The Canadian Press
TORONTO–Teaching teens about the horrors of the Holocaust is more than just a history lesson for high school teacher Rachel Luke.
The language arts and drama teacher weaves it into her lesson plan where possible, and describes it as “character education” for a generation she fears is losing compassion for others.
“I’m very worried about this generation . . . I see such a difference and a change in children just even in the past five years. A lot of them really lack empathy,” said Luke, who teaches kids in Grades 9, 10, 11 and 12.
“‘If someone’s getting bullied, if something’s happening, (they say): ‘It is not my responsibility,’ ‘It has nothing to do with me,’ ‘It’s not my business,’ ‘I’m not going to be a snitch.’ . . . This is the language that’s used (and) this is the culture of this generation.”
Drilling home the facts of the Holocaust is one way Luke tries to encourage students to understand the destructive impact of intolerance, racism and hate.
But Luke said it can be an uphill battle to reach some teenagers–many of whom have never even heard of the Second World War massacre until a teacher brings it up in class.
Combined with an apparent ease with derogatory racial slurs, Luke worries some youth aren’t even interested in learning why certain behaviour is hurtful.
“A student said to me today, ‘I censor myself when I’m in your class,'” said Luke, who runs the annual Remembrance Day assemblies at Glenforest Secondary School in Mississauga, Ont.
“They know in my classroom they have to behave a particular way.
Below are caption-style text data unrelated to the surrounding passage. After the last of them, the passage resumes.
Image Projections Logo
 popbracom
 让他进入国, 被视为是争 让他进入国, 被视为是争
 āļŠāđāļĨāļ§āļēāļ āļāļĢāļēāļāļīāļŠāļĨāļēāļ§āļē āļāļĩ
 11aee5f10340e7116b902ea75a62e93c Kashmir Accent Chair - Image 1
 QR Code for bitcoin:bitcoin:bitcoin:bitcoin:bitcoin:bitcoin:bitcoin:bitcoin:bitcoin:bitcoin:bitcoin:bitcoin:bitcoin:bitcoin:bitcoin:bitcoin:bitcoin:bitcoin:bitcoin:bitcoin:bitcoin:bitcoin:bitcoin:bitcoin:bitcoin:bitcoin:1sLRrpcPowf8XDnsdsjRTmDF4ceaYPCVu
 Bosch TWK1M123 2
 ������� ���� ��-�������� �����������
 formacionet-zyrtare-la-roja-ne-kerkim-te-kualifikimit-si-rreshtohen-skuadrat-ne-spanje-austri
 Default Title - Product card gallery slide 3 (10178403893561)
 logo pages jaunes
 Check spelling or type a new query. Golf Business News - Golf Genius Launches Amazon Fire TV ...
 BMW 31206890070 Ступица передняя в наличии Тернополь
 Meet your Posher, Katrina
I’m not sure if that might happen in my colleague’s classrooms, I’m not sure that’s happening in the hallways.”
At the very least, a disturbing resurgence in anti-Semitic incidents around the world suggests little has been learned from Second World War crimes.
Reports of attacks and plots targeting U.S and Canadian synagogues continue to spark fear, while Nazi paraphernalia has found fascination among some youth, including late B.C. teen murder suspect Bryer Schmegelsky who allegedly sent photographs of a swastika armband and a Hitler Youth knife to an online friend.
Schools in particular have provided a backdrop for some shocking offences.
Last week, a principal and teacher in Utah were suspended after a student dressed as Hitler for a Halloween parade.
Meanwhile, recent surveys back up Luke’s frustrations: One in five millennials hadn’t heard or weren’t sure if they had heard of the Holocaust, according to a poll released earlier this year by the Holocaust education group the Azrieli Foundation and the non-profit group the Claims Conference, which secures material compensation for Holocaust survivors around the world.
The survey of 1,110 Canadian adults found 62 percent of millennials didn’t know that six million Jews were killed in the Holocaust.
A similar survey by the Claims Conference in the United States found 41 percent of millennials believed two million or fewer Jews were killed during the Holocaust.
Carson Phillips, managing director of Toronto’s Sarah and Chaim Neuberger Holocaust Education Centre, said the good news is that teachers seem to recognize a connection between intolerance and gaps in knowledge.
“Any time we hear of these horrendous attacks our requests for education programming certainly increases,” said Phillips.
“This need for education is probably never going to go away.”